Denn so betrachtet ist das auch eine Geschichte über unser ganzes Land, das voller grollender Dorfbewohner ist, die über die Gründe ihres Grolls nie wirklich nachdenken. Denn schuld sind immer nur die Anderen. Die Großstädter, die von nichts eine Ahnung haben. Und wenn mal keine Ausländer da sind, dann eben verdruckste Typen wie Simon, die im entscheidenden Moment nicht zur Jagd blasen, sondern lieber romantische Töne in den Himmel blasen. So wird das Dorf blamiert. So denkt sich das Dorf blamiert.
Der schöne Schein
Der schöne Schein ist wichtiger als ein klares Bekenntnis gegen Nazis. Die es ja nicht gibt. Man verhält sich ja auch nicht so. Und dass man als lärmender Mob vorm Wohnhaus von Margit steht, ist nur ein Versehen. Passiert eben. Wo alle gewohnt sind, sich dem Haufen abzupassen, brüllt jeder mit. Denn nichts scheint schlimmer, als morgen selbst dazusitzen im Haus und draußen brüllen die Anderen.
Eigentlich ist es auch eine Geschichte darüber, warum sensible junge Leute die Dörfer lieber verlassen, sobald es möglich ist. Auch wenn es der Junge, von dem Simon sich sicher ist, dass es sein Sohn ist, das nicht getan hat. Was Folgen hat, die für Simon am Ende noch ein paar mehr falsche Vorstellungen platzen lassen. Manchmal ist es einfach fürchterlich zu spät, um aus der Deckung zu kommen.
Und Gutes hat er nicht mehr zu erwarten. Das macht ihm endgültig die Szene auf dem Dorfplatz deutlich, wo einer seiner einstigen „Freunde“ einen Berg Heringe mit dem Hochdruckwasserstrahl filetiert. Wahrscheinlich ist das auch in Ostseeküstendörfern nicht wirklich üblich.

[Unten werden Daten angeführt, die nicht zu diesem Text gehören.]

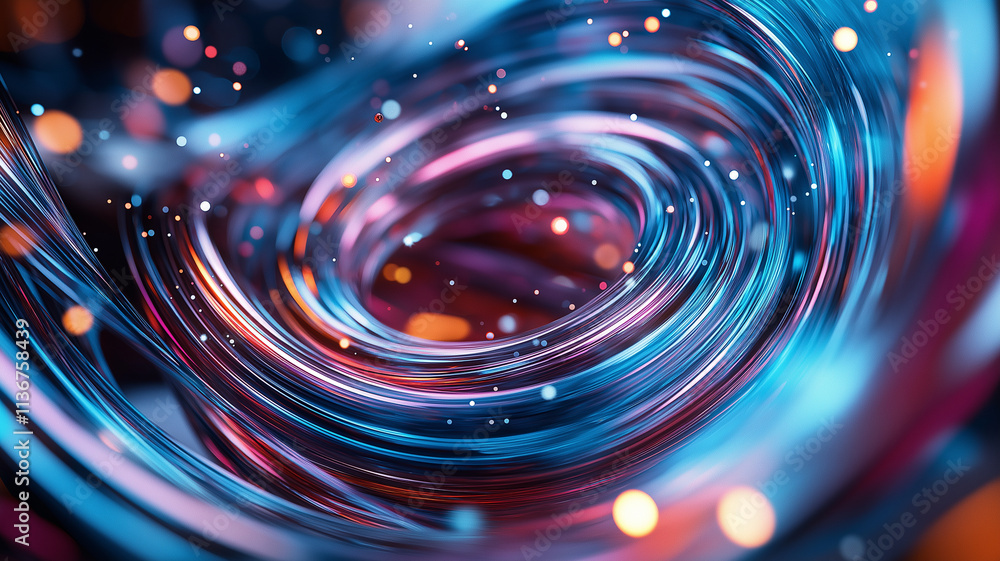 Aufkleber swirling colorful abstract light patterns with glowing particles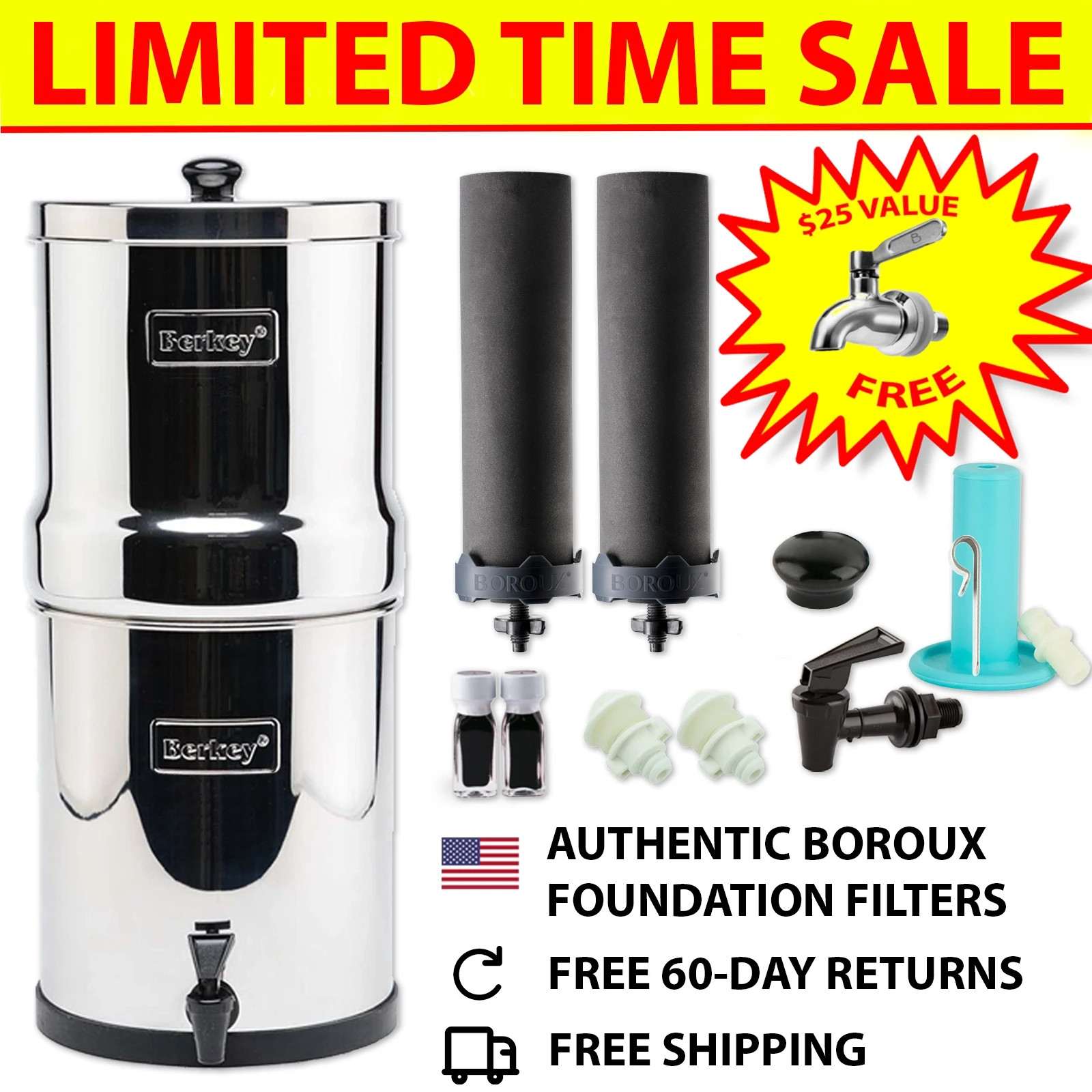 Berkey Gravity Water Filter System w/ 2 NSF Certified Boroux Black Filters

Aber es ist ein Bild. Ein gewaltvolles, mit dem die Erzählung zumindest ausklingt. Denn eins ist Simon da endgültig klar: Wenn er die Flucht nicht schafft, werden sie ihn windelweich prügeln. Denn verletzter Stolz (den sich ja die „Wir sind keine“-Nazis so gern auf die T-Shirts drucken lassen) reagiert immer mit Gewalt, muss sich rächen und braucht dafür nur all die fadenscheinigen Gründe von Stolz und Ehre. Was Simon hätte wissen müssen.
Doch statt sich gegen diese Erwartungen zu stellen, die ja auch nur entstehen, weil einer anfängt zu drohen und die Andere dann ohne nachzudenken mitmachen, hat er immer gekniffen und ist geflüchtet.
Das aber ist schon immer die falsche Reaktion gewesen auf die „Wir sind wir“. Die Dinge eskalieren, weil alle irgendwie mitmachen und keiner einfach sagt: Nicht mit mir! Denn erst, wenn einer aufsteht, kommen die Mitläufer ins Grübeln und fangen an zu überlegen, ob das Mobben eigentlich Sinn ergibt.
Aber das hat Simon verpasst. Wieder einmal.
Keine angenehme Geschichte. Aber eine, die etwas erzählt über unsere Gegenwart und was darin gerade passiert.
Daniela Herzberg „Die Heringslinde“ Verlag Sol et Chant, Letschion 2024, 5 Euro.